Ad ordinare la morte del maresciallo Calogero di Bona, nel 1979, fu il capo mandamento di Tommaso Natale Rosario Riccobono. La Direzione Investigativa Antimafia di Palermo ha messo in luce dopo oltre trent'anni, infatti, i lati oscuri della scomparsa del vice comandante degli agenti di custodia del carcere Ucciardone di Palermo, individuando mandanti ed esecutori di quella lupara bianca che risale all'agosto di trentatre anni fa.

L'attività investigativa svolta dalla Dia ha permesso di raccogliere, nonostante il lungo tempo trascorso, elementi probatori nei confronti del capo mafia Salvatore Lo Piccolo, e del boss Salvatore Liga. Ora si sa che Di Bona fu prima strangolato, poi il cadavere venne bruciato per non lasciarne nessuna traccia.

Il movente dell'omicidio di Di Bona sarebbe da rintracciare in un ipotetico pestaggio nel quale venne coinvolto Michele Micalizzi - legato da vincoli sentimentali alla figlia del boss Riccobono -, condannato nel 1979 a otto mesi di reclusione, proprio perchè riconosciuto colpevole del reato di lesioni ai danni di un agente penitenziario.

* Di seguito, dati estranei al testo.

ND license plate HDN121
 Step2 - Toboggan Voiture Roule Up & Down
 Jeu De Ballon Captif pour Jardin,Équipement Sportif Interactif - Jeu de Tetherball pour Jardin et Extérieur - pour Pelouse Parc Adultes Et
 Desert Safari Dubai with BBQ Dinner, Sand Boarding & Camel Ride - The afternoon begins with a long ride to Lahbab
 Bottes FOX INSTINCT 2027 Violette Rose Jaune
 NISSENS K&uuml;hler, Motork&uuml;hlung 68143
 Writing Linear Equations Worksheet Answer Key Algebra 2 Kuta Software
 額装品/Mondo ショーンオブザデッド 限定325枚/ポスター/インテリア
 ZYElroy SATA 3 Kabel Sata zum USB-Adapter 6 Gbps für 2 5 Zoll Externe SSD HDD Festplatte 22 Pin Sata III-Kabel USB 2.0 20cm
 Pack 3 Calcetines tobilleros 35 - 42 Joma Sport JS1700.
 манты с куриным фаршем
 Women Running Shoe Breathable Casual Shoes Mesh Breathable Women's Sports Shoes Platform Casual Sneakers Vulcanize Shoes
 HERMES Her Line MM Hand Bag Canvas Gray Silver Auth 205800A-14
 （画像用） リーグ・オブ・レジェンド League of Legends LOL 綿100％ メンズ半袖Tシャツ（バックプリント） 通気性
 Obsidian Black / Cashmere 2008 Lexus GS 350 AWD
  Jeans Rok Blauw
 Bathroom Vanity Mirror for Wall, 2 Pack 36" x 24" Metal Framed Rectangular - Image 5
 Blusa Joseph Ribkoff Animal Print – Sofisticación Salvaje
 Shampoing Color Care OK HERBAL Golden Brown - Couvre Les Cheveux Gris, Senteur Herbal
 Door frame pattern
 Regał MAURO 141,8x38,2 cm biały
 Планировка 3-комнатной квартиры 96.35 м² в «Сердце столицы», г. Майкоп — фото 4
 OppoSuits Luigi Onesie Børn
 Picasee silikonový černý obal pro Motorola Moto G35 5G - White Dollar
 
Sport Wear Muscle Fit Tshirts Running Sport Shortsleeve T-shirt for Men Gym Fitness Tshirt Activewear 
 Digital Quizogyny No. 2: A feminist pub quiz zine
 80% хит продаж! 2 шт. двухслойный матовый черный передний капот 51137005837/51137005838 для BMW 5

Le indagini della Dia hanno dimostrato che l'omicidio del maresciallo Di Bona risulta correlato a quest'ultimo episodio, avvenuto all'Ucciardone il 6 agosto 1979, quando una giovane guardia carceraria fu aggredita in infermeria da alcuni detenuti, dopo avere tentato di farli tornare nelle rispettive celle. L'unico detenuto individuato con certezza dalla vittima dell'aggressione però non scontò alcuna sanzione disciplinare.

Il fatto non andò giù ai colleghi dell'agente pestato, tanto che una dura missiva, venne inviata intorno alla metà di agosto del 1979 alla Procura della Repubblica, al Ministero di Grazia e Giustizia e a due quotidiani cittadini. Nella lettera le guardie lamentavano non solo la mancata punizione del detenuto reo dell'aggressione, ma anche "il potere di mafia" esercitato dai boss all'interno delle mura dell'Ucciardone.

Da qui la rappresaglia della mafia, culminata nel sequestro e nell'omicidio di Di Bona, da cui Cosa nostra voleva sapere chi avesse scritto la lettera anonima, da cui scaturì la pena per Micalizzi.